**Extracted records:**
________________________________________

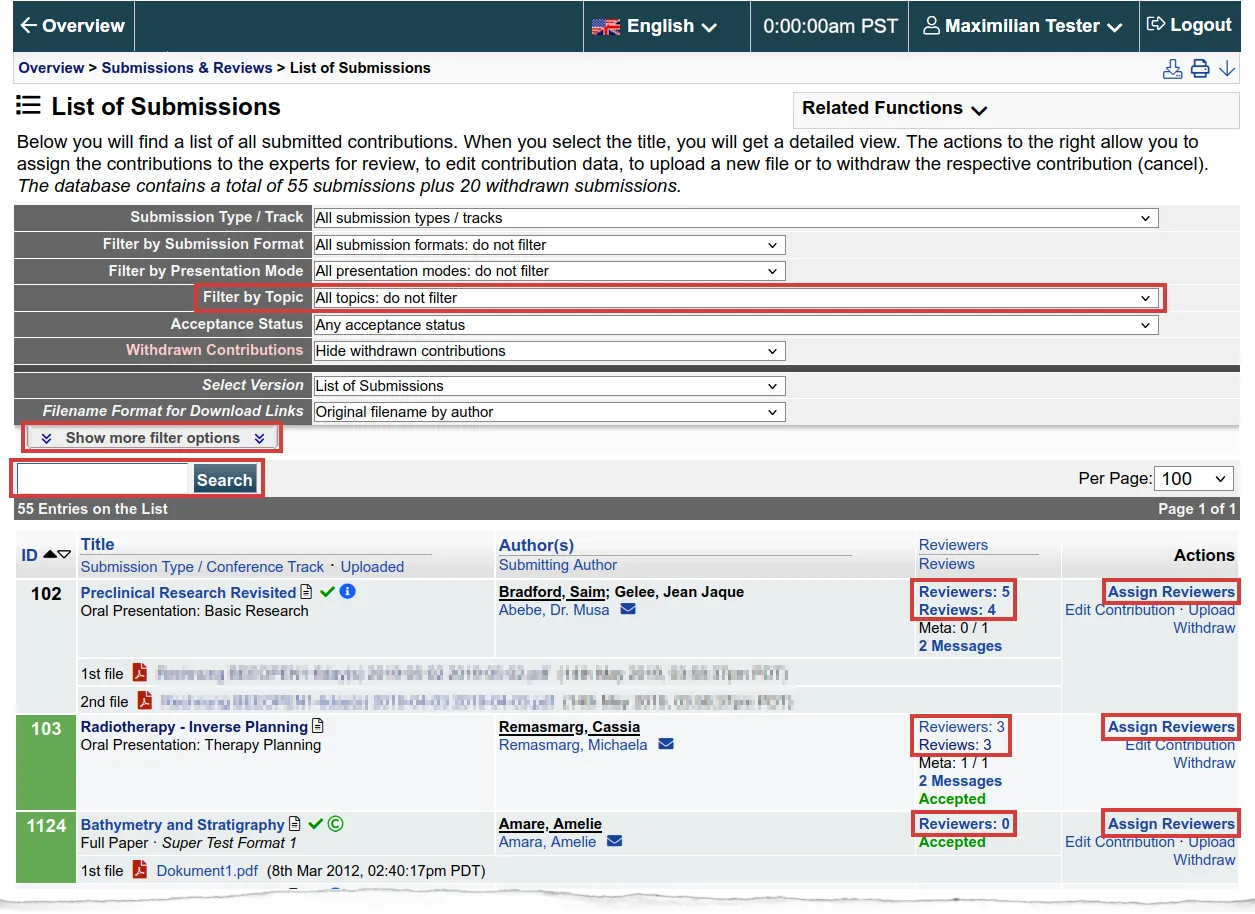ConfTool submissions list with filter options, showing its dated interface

________________________________________

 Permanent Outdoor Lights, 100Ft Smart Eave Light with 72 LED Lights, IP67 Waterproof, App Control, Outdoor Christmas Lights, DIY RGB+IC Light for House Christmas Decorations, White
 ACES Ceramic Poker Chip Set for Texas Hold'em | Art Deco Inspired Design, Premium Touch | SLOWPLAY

________________________________________

**Your goal:**
Could you write out, exactly as they stand, only the lines above that begin at the line with "Permanent Outdoor Lights, 100Ft" and stop after the line with "ACES Ceramic Poker"?

**Exercise solution:**
 Permanent Outdoor Lights, 100Ft Smart Eave Light with 72 LED Lights, IP67 Waterproof, App Control, Outdoor Christmas Lights, DIY RGB+IC Light for House Christmas Decorations, White
 ACES Ceramic Poker Chip Set for Texas Hold'em | Art Deco Inspired Design, Premium Touch | SLOWPLAY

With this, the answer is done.